I'm planning two deep cycle batteries under my seats. I'm also concerned (as some mention below) about weight distribution. I'm hoping to get one battery on each side of the front dinette. I understand adding weight in heavy tools. Kind of a good excuse to add way more tools to the kit.
Thx for more good ideas. I hope you'll give us a mini update in a year on how those battery boxes & vent pipe is doing after traveling to all your cool 😎 camping spots. Maybe road conditions in Canada are better, but roadways in the US are in poor shape. Also, did you have to redo any wiring, or were you able to just reuse your solar storage battery wiring for both? Did you install some sort of cutoff switch for your batteries (thinking ghost battery hogs like those gas/propane leak detectors that kill batteries when parked between camping trips)?

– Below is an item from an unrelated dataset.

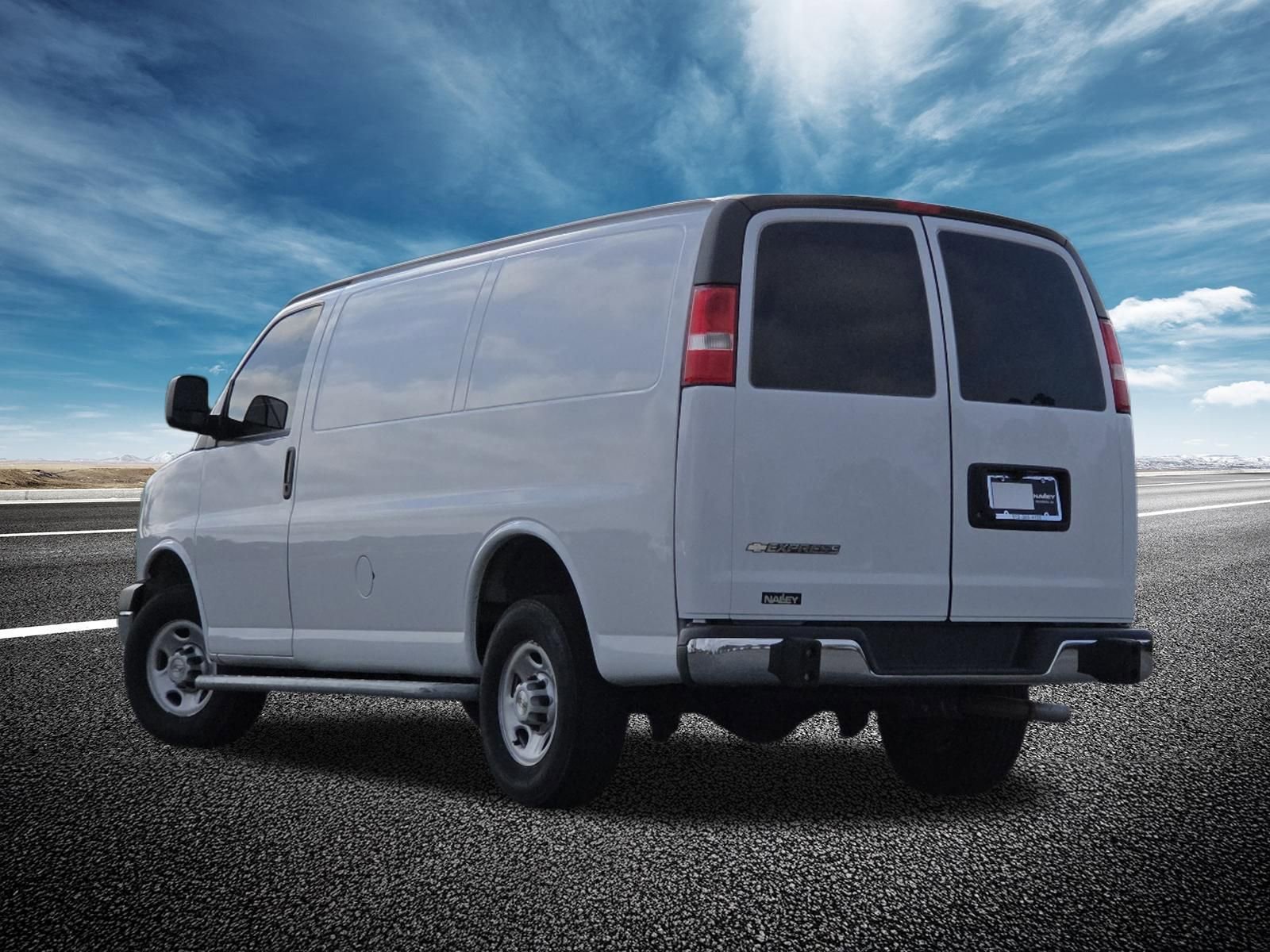 Used 2023 Chevrolet Express 2500 w/ Driver Convenience Package image 14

Hi Karin, for sure I will update as I travel. I will be on those awful US roads shortly! Wiring was just shortened, and new MC4 connectors for the solar. No cutoff needed, as solar keeps battery fully charged when not in use (stored outside). Thanks!
Great Video for sure, I'm curious how you feel after a couple years disassembling that vent set up in order to water your batteries on a regular basis? That's the only downside I could see from this.
@@SlimPotatohead the reason you vent lead acid batteries is they produce gas, the water levels go down over time, if you don't water them the lead gets exposed to air and corrodes and kills your battery. That's why the caps on the batteries come off.
Sorry Kurtis, I thought you were referring to water coming through the vent from outside. Topping the cell levels, yes. Not too big an issue, as it came apart quite easily. Currently I do not use deep cycle, switched to AGM. No more venting issues. Thanks! SP
you are like the bob vila of rv's I like the videos, I can never wrap my head around people with one battery, in America they are so dirt cheap you can get a couple more in there. Im going for 4 105 amp hour rv batteries and 400 watts on top, I will stay tuned :)
I think batteries belong outside. It’s not just venting, it’s malfunction and fire. But, nice installation. How airtight are battery boxes? How much weight on side now?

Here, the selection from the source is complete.